(L-R) Producers Jeremy Kleiner (L) and Adele Romanski (C), winners of the award for Best Picture for Moonlight, pose with filmmaker Barry Jenkins in the press room during the 89th Annual Academy Awards at Hollywood & Highland Center on Sunday -AFP
Moonlight, a poignant story of human connection and self-discovery in the tough projects of southern Florida, won the best picture Oscar on Sunday, besting favorite La La Land -- though not without drama.
Starring Mahershala Ali and Naomie Harris, the film by director Barry Jenkins tells the life story of a young African-American struggling to find his place as he grows up poor in Miami.
The prize was only given to the film after a massive on-stage mix-up that led to La La Land first being given the award -- an Oscars moment sure to rank among the most infamous in history. "I told my students, 'Be in love with the process, not the result.'
I really wanted this result," Jenkins said as he accepted the award for best adapted screenplay -- one of three on the night for the film. Later, after the mistake, he told reporters: "It's unfortunate things happened the way they did but damn, we won best picture."
Played by three different actors at various stages in his young life, Chiron, the film's central character, grows up among drug addicts as he gradually comes to terms with his homosexuality.
The film has won plaudits as a vital portrait of contemporary African American life and is praised in equal measure as a groundbreaking and personal meditation on identity, family, friendship and love.
Set in Miami's notorious Liberty City public housing project, among the most crime-infested neighborhoods in America, "Moonlight" has won almost unanimous praise for its acting, direction, screenplay and cinematography.

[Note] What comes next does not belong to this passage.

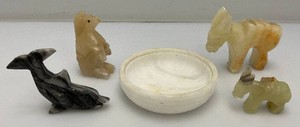 Misc. Miniature Hand Carved White Onyx Animals And More
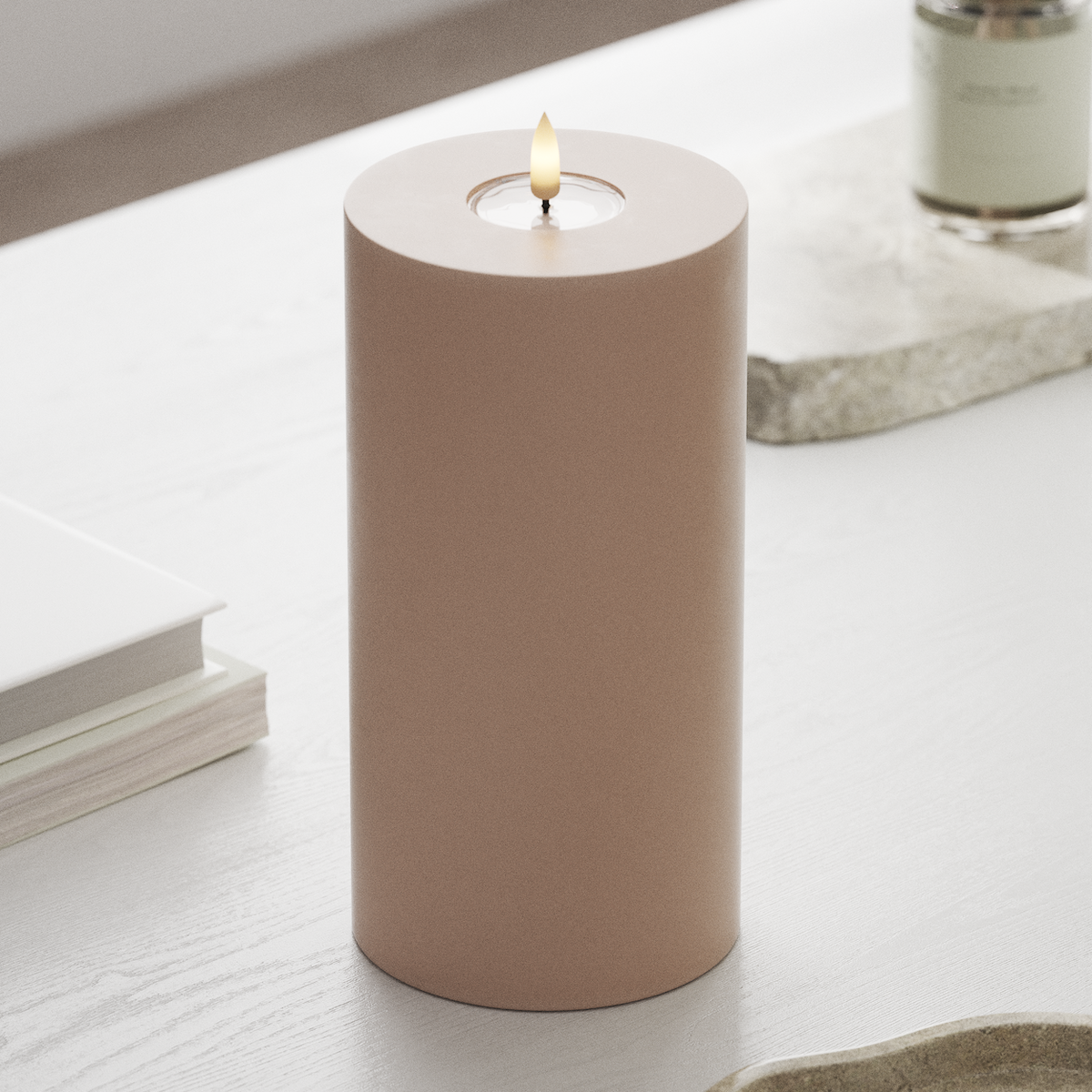 Deluxe Homeart LED Pillar candle Ø 10 x 20 cm Pink LED Pillar candle 1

It has an average rating of nine out of 10 from more than 200 reviews aggregated by film website Rotten Tomatoes. Moonlight uses one man's story to offer a remarkable and brilliantly crafted look at lives too rarely seen in cinema," the site's critical consensus reads.
Harris ("Spectre," "Mandela: Long Walk to Freedom") has earned nominations at all the major awards ceremonies for her intense performance as Chiron's crack-addicted single mother, but came out empty-handed.
She was beaten to the best supporting actress Oscar by Viola Davis, who picked up her statuette on her third try for "Fences," having previously been nominated for Doubt (2008) and The Help (2011). Moonlight had been pushing clear of the also-rans in the betting for best film but was still seen as significantly behind "La La Land."
The Oscar goes t0..oops!
The evening also represented a move towards burying the #OscarsSoWhite controversy of the past two years, with two of the four acting prizes and a handful of other major awards going to African American nominees.But the stunning final stumble was a nightmare of a Hollywood ending that no one wanted to see.
Tinseltown legends Warren Beatty and Faye Dunaway, stars of 1967 crime classic "Bonnie and Clyde" and both past Oscar winners, were meant to give the best picture Oscar to Barry Jenkins's film.
But after the pair were apparently handed the wrong envelope, she mistakenly called it for La La Land, Damien Chazelle's nostalgic musical. Scenes of confusion and embarrassment followed after the La La Land crew -- already on stage and delivering speeches -- suddenly realized the mistake and announced themselves that Moonlight had actually won.
Beatty, the 79-year-old veteran actor and director, said he'd been given the wrong envelope -- the one containing the card announcing La La Land star Emma Stone's best actress win.